US-based nonprofit organization

Vegan Outreach is a 501(c)(3) nonprofit organization advocating against the exploitation of farmed animals. It was founded in 1993 by Jack Norris and Matt Ball in Cincinnati, Ohio, and was originally named Animal Liberation Action (ALA).

Vegan Outreach's outreach efforts have included street activism, campus leafleting, online vegan transition programs, and food-focused events.

==History==
As members of the animal rights community of Cincinnati, Matt Ball and Jack Norris spent the winter of 1990–1991 holding fur protests outside cultural events. Their focus turned to vegetarianism in 1992, and the Animal Rights Community of Cincinnati funded the printing and distribution of 10,000 pro-vegetarian flyers titled Vegetarianism. In June 1993, Norris and Ball organized a three-day "Fast for Farm Animals" in front of a Cincinnati slaughterhouse; twelve activists took part.
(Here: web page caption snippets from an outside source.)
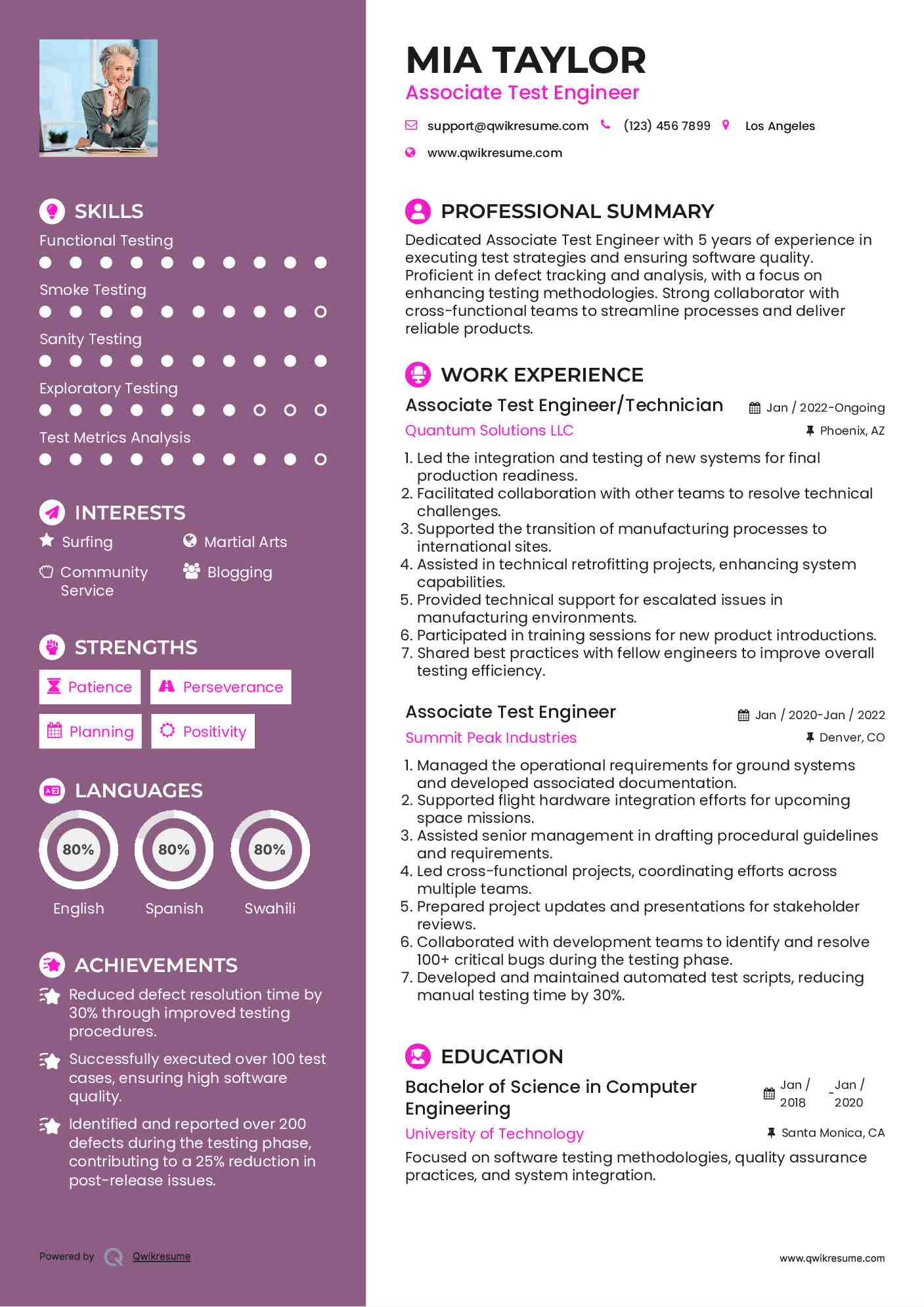 Associate Test Engineer/Technician Resume Sample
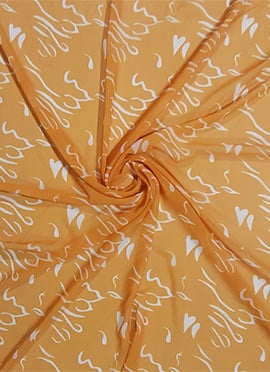 Mustard Digital Print Faux Georgette Fabric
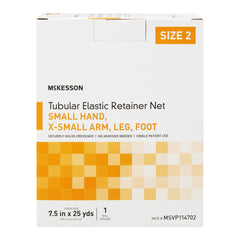 Elastic Net Retainer Dressing McKesson Tubular Elastic 7-1/2 Inch X 25 Yard (19.1 cm X 22.9 m) Size 2 White Small Hand / X-Small Arm / Leg / Foot NonSterile, Packaging Type- Case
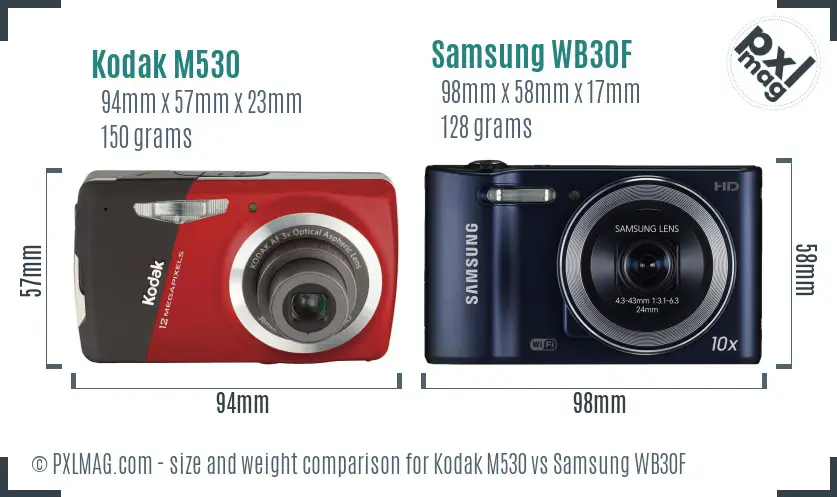 Kodak M530 vs Samsung WB30F size comparison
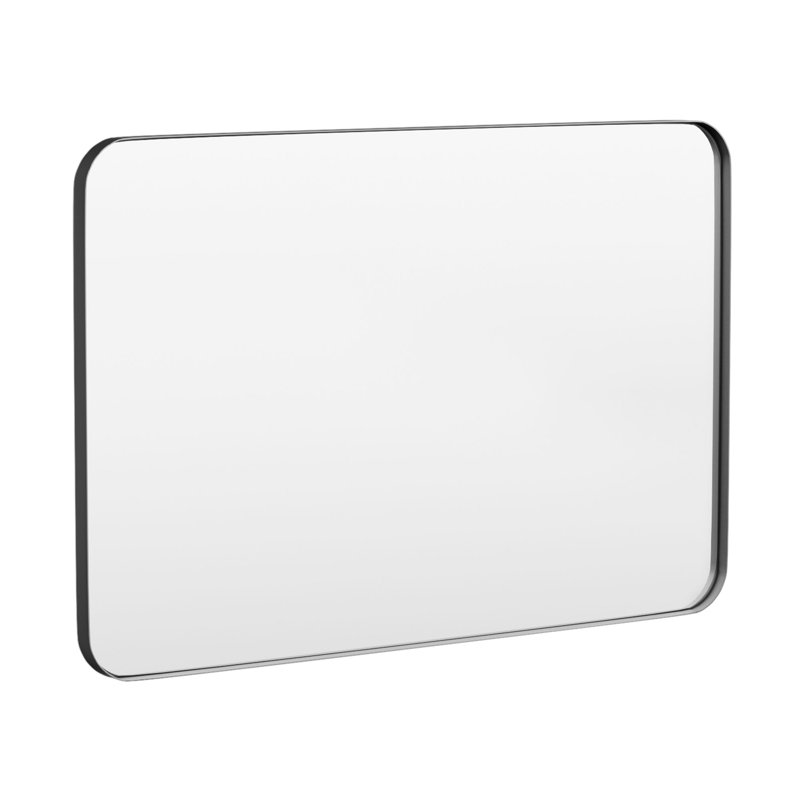 Cozy Design Tempered Glass Framed Wall-Mounted Bathroom Vanity Mirror, 32" x 48", Black, Rectangle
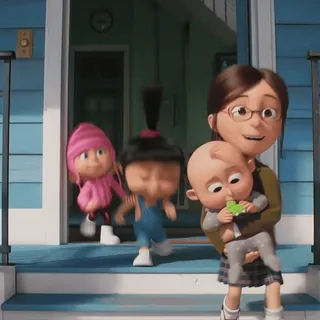 ✨️ b3b69177 Despicable Me มิสเตอร์แสบ ร้ายเกินพิกัด, แอ็กเนส, มาร์โก้, อีดิธ, ครอบครัว telegram sticker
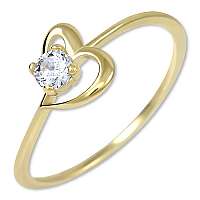 Brilio Zásnubný prsteň s kryštálom Srdce 226 001 01033 mm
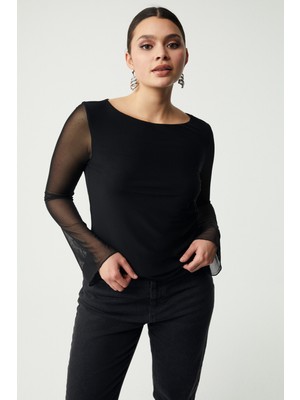 ETHIQUET Leonabb Kadın Tül Mesh Kumaşlı Önü Astarlı Arkası Transparan Vücuda Oturan Siyah Büyük Beden Bluz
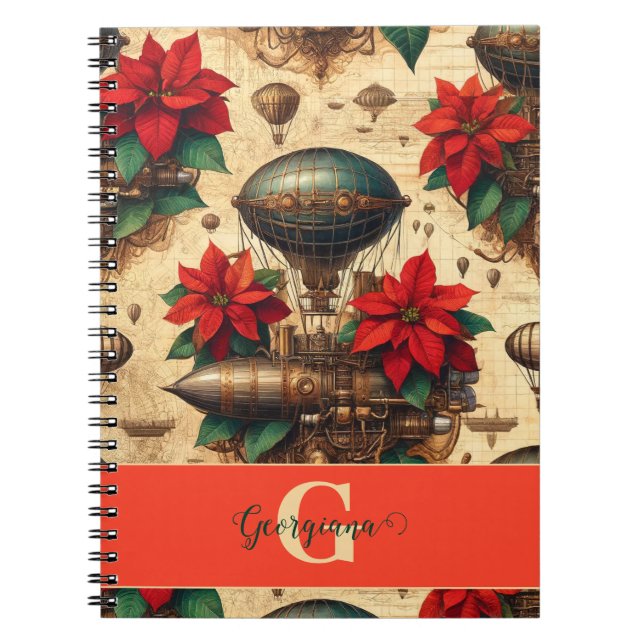Personalised Steampunk Airship with Poinsettia Notebook (Front)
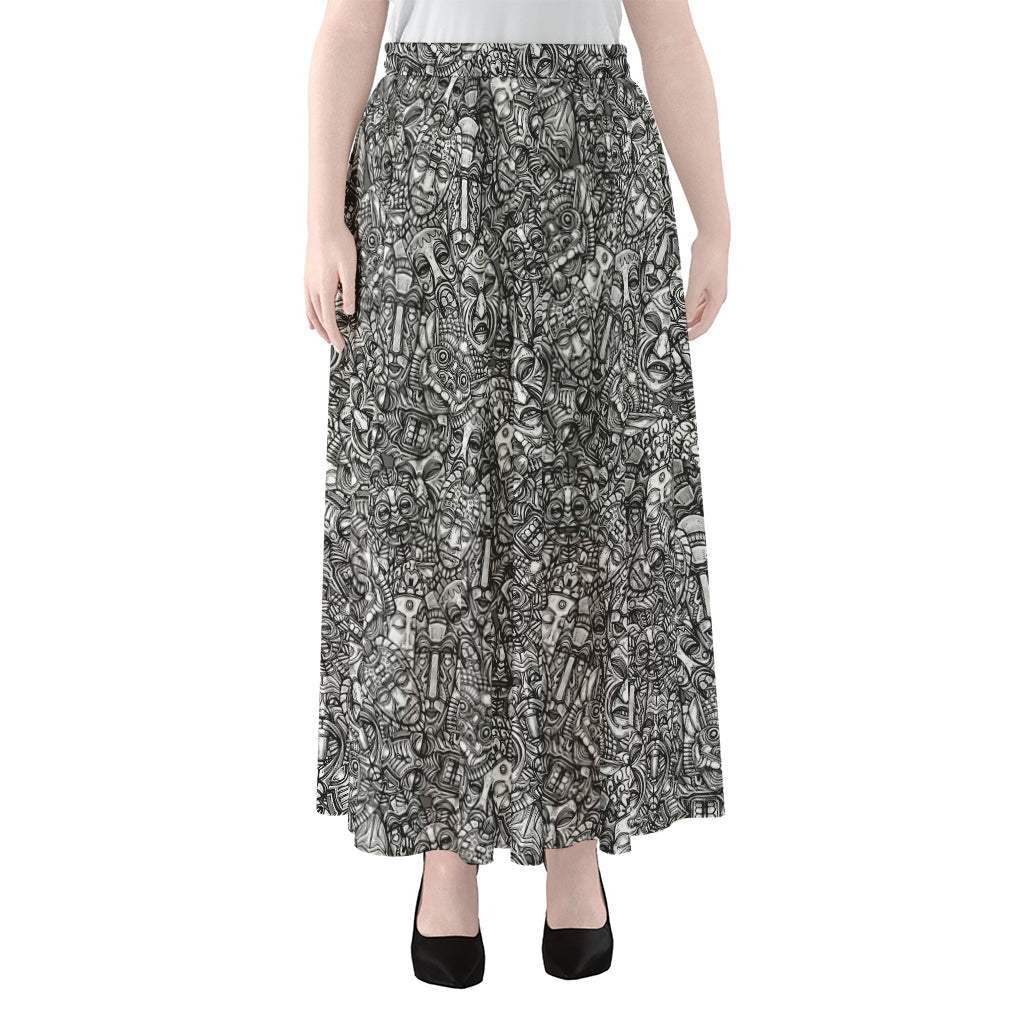 Grey And White Totem Pattern Print Chiffon Maxi Skirt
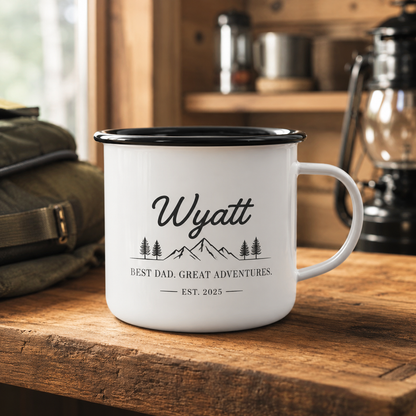 Personalized Dad Camp Mug 12oz, Custom Dad Enamel Cup, Gift For Dad TOM99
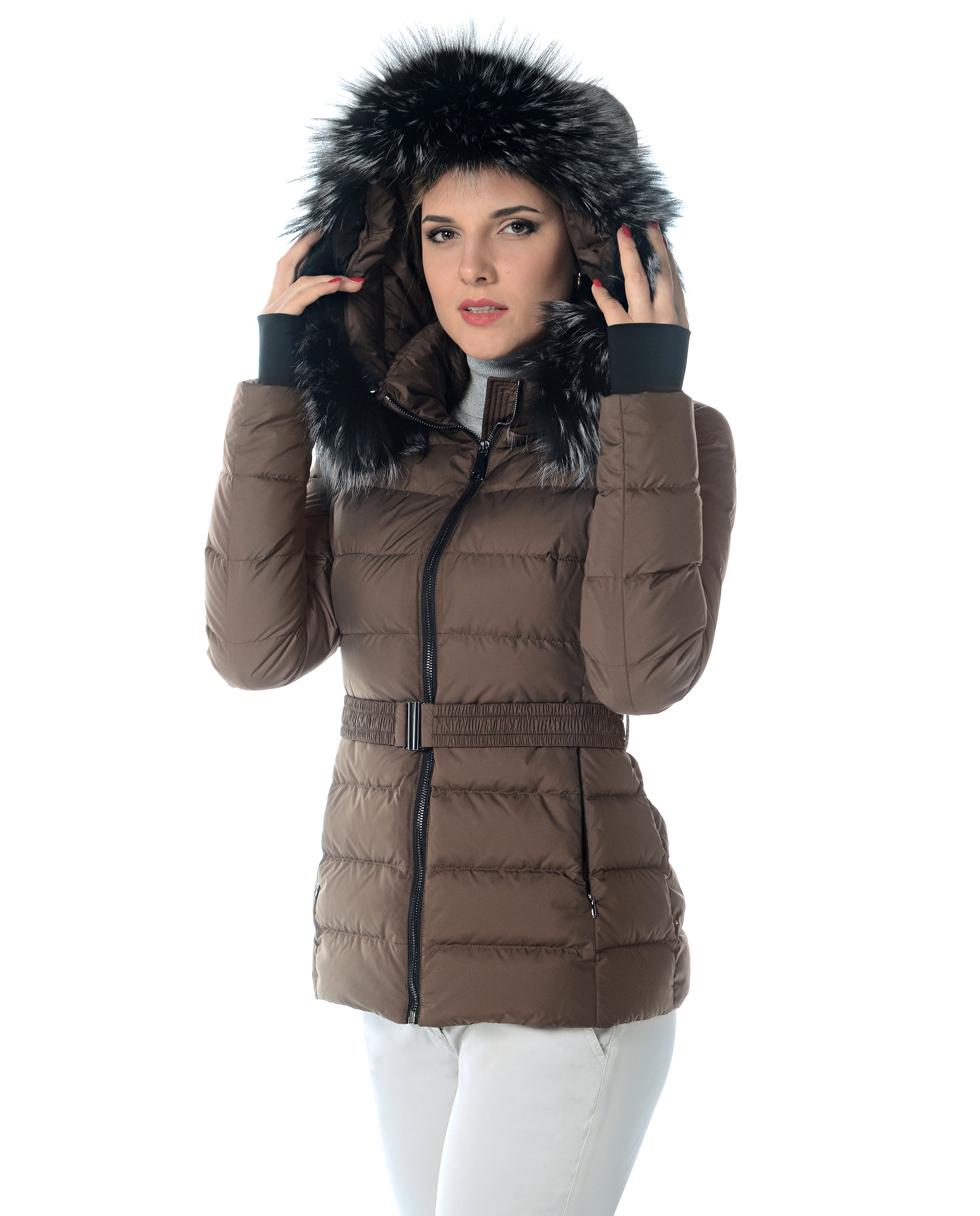 Polyester Jacket With Detachable Fox Trim Hood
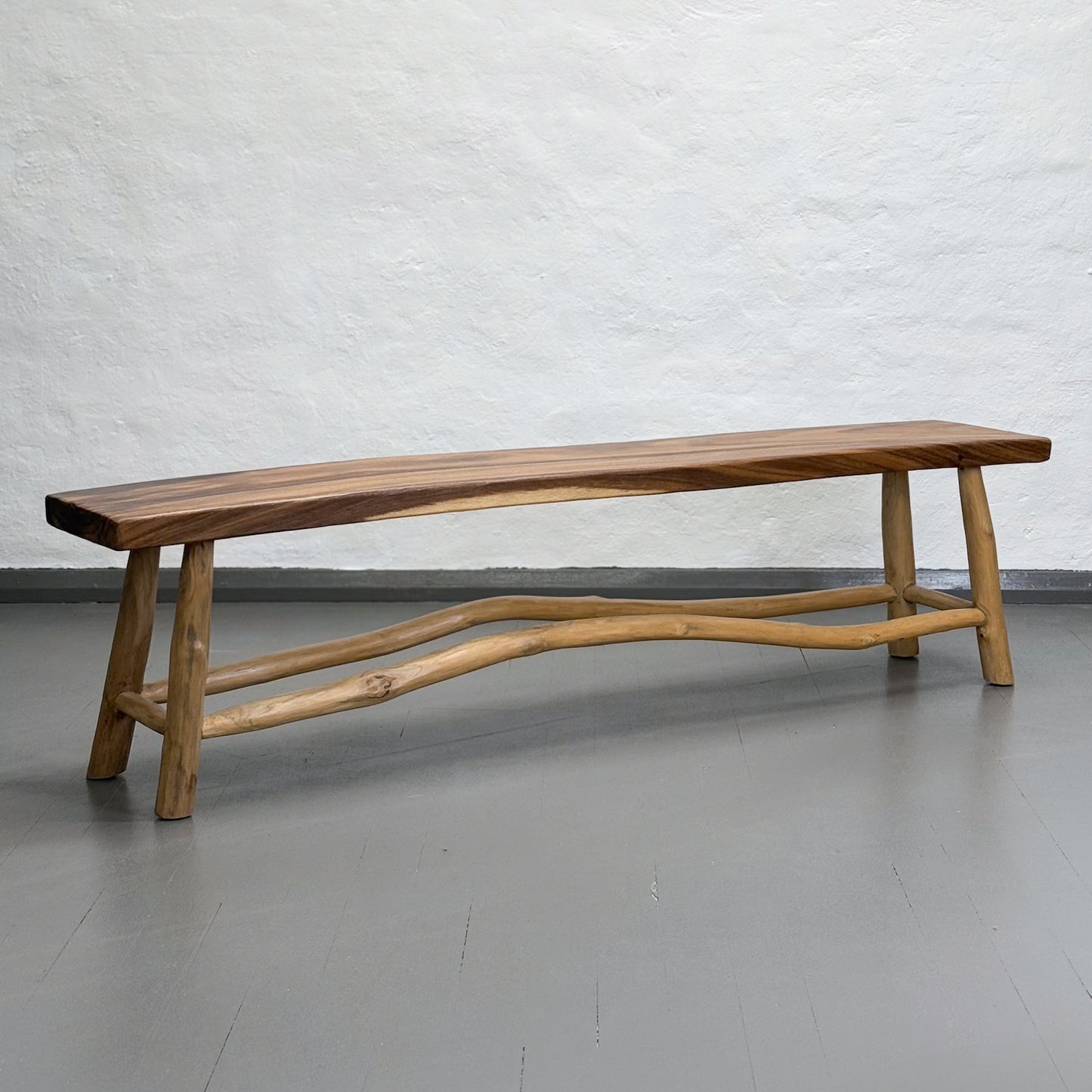 Suar Wood Bench with Branch Brace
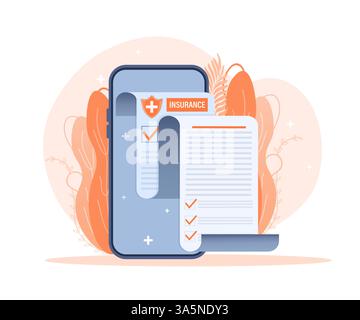 Illustrazione vettoriale con concetto di assicurazione sanitaria. Grande appunti con medico e donna. Sanità, finanza e servizi medici. Illustrazione vettoriale Illustrazione Vettoriale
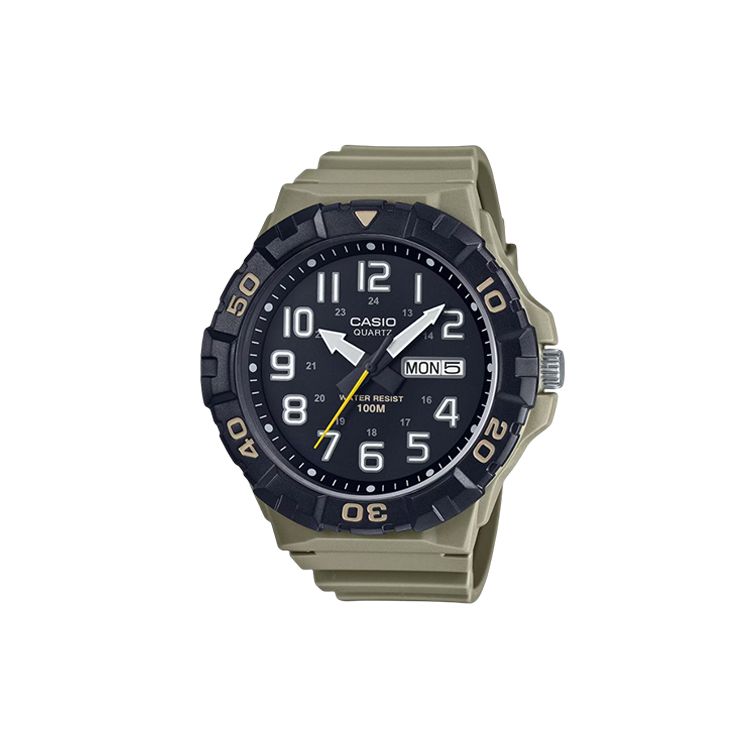 Casio Standard Series Quartz Movement Resin Strap Watch Men watches Black MRW-210H-5AVDF Black Dial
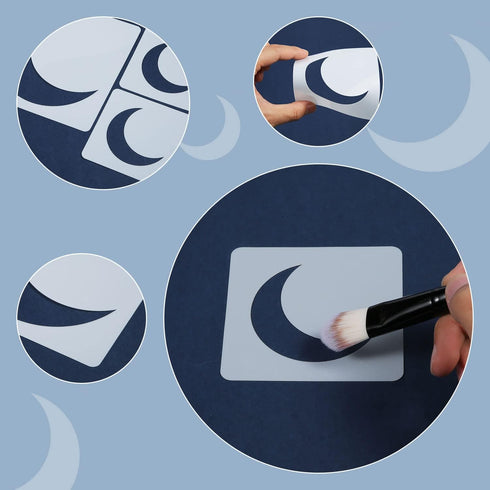 SAVITA 16pcs Moon Stencils for Crafts, Moon Template Plastic Painting&Drawing Crescent Stencil Reusable Moon Stencils for Painting Home Decoration...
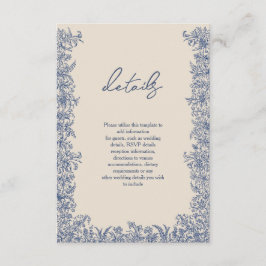 Cartão De Informações Casamento de fronteira floral azul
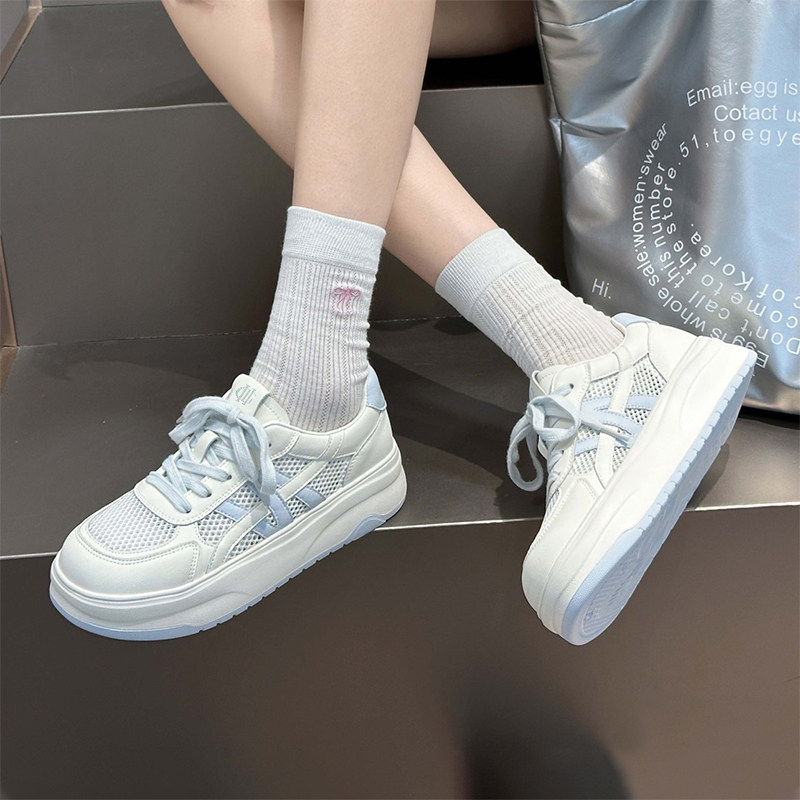 杰豪女鞋2025夏季新品厚底休闲板鞋女小白鞋网面透气舒适轻便正品,女鞋,时尚休闲鞋,淘宝优惠券,粉丝福利购,淘宝优惠卷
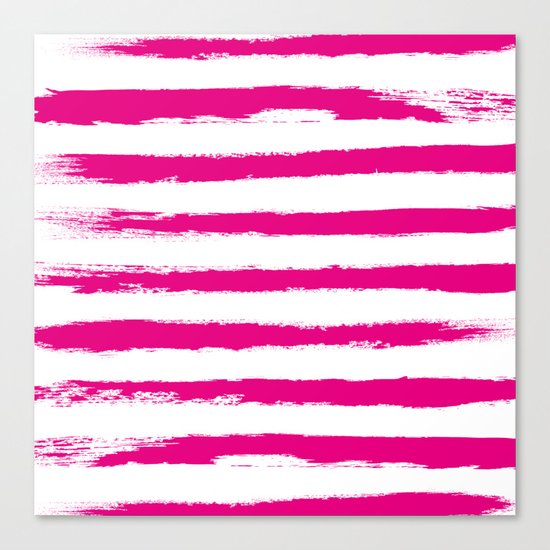 Pretty Pink STRIPES Handpainted Brushstrokes Canvas Print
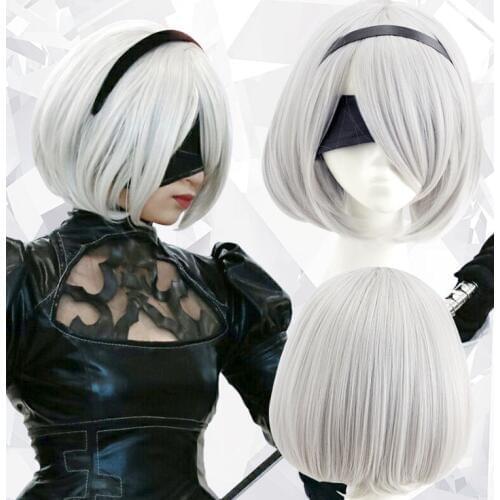 Cosplay Wig YoRHa No.2 Type B 2BYoRH 2A 9S 2B wig NieR:Automata Costume Play Wigs Costumes Hair +Wig Cap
On the last day of the fast, some of the protesters took a large banner reading "Stop Eating Animals" to the University of Cincinnati campus.

Following this event, Ball and Norris formed Animal Liberation Action (ALA) and started a campaign of holding "Stop Eating Animals" banners on street corners. In 1994, ALA developed a booklet called And Justice For All. It promoted a vegan diet, focusing on the abuse of the animals involved. In 1995, ALA's name was officially changed to Vegan Outreach.

== Programs ==

=== College outreach ===
Vegan Outreach has long focused on college outreach, in which staff and volunteers distribute pro-vegan literature on college campuses.

=== 10 Weeks to Vegan ===
Vegan Outreach operates 10 Weeks to Vegan, a program intended to support people interested in transitioning to a vegan diet.

=== Vegan Chef Challenges ===
Vegan Outreach organizes Vegan Chef Challenges, month-long events in which participating restaurants create and promote vegan menu items and members of the public vote for their favorites.

=== Mac Downs ===
Vegan Outreach also organizes Mac Downs, one-day events in which local chefs compete with vegan macaroni-and-cheese dishes for attendees to sample and judge.

=== Green Tuesday ===
In India and Vietnam, Vegan Outreach operates the Green Tuesday Initiative, which works with institutions to promote plant-based meals and reduce animal-product consumption.

=== Food-Planet-Health ===
Vegan Outreach India also conducts Food-Planet-Health outreach sessions and webinars for students about the effects of food choices on animals, health, and the environment.